Biosensor is a device which has biological recognition properties for selective analysis. It is an analytical device which involves biological sensing element having applications in drug discovery, food safety, environment analysis etc. There are two different strategies used in biosensor – label based detection and label free detection. Label based detection mainly depend upon specific properties of label compounds to target detection. While Label free method – allows detecting the target molecule that are not labeled or difficult to tag.²² The recent advance in the Biosensor has developed DNA biosensor which has opened new opportunities in research area. Hydrogel, are used as a DNA biosensor. They consider as a simple substrate for DNA immobilization. Entrapment, controlled release and DNA protection are some unique features of hydrogel.²³ A biosensor assembly includes a receptor, transducer and processor. The sensing element can be a whole cell, antibodies, enzymes or nucleic acid which integrates with transducer via immobilization.

Following types of Biosensor can be made in future to detect in presence of uncultured microorganism in fresh water.

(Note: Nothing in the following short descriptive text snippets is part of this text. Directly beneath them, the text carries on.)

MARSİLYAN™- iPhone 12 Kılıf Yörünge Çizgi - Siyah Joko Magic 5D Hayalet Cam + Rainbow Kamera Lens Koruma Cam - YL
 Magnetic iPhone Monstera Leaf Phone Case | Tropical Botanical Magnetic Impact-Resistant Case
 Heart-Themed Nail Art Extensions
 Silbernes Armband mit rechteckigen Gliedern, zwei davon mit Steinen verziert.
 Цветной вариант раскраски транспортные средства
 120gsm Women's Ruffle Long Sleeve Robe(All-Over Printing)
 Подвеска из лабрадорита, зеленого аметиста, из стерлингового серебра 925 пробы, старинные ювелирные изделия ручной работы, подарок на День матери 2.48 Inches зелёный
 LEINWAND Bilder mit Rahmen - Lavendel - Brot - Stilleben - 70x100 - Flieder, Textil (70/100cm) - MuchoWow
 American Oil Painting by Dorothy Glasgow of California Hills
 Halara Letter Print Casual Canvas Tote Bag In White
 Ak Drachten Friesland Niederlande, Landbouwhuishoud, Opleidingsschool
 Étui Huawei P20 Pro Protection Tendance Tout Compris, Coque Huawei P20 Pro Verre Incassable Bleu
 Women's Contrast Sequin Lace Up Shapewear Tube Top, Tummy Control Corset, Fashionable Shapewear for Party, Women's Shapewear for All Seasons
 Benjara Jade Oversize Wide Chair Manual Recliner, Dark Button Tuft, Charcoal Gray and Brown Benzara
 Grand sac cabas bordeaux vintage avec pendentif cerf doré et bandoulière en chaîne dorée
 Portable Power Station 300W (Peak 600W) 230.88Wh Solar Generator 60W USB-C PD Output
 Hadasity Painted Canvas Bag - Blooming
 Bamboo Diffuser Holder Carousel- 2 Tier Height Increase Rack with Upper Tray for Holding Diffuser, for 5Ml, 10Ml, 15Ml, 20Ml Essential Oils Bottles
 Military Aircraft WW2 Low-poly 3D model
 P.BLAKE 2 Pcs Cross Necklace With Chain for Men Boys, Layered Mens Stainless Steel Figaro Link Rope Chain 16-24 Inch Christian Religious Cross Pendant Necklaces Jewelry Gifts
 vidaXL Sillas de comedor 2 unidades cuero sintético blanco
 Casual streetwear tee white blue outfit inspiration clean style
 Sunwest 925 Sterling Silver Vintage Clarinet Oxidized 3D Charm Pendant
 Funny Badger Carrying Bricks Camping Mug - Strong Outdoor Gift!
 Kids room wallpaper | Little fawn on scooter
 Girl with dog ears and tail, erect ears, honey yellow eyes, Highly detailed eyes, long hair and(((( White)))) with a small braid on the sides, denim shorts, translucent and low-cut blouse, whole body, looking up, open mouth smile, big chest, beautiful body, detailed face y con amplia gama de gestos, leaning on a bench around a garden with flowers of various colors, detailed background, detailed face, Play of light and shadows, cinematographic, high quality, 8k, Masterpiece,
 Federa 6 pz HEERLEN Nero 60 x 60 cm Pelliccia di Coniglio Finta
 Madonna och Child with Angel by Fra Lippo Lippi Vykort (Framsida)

DNA hybridization biosensor

Complementary DNA base pairing is the basis of DNA hybridization Biosensor. In DNA biosensor, 20-40 base pair long highly target selective ss-DNA segments are immobilized on electrode surface. Electric signal is produced when target DNA binds to the complementary sequence of DNA.²⁴

Electrochemical DNA biosensor

Because of high sensitivity and rapid response, Electrochemical DNA Biosensor has attracted more attention. They are very useful for sequence specific bio-sensing of DNA. In electrochemical biosensor, it monitors current at fixed potential. They use both label free and labeled objects. Carbon Nanotubes also plays important role in electrochemical DNA biosensor. It helps in immobilization of DNA molecule.²⁵ The Biosensor to recognize uncultured microorganism can be produce by following any of the DNA biosensor hybridization technique. However, a basic research is still required to improve the sensing technology and protocol.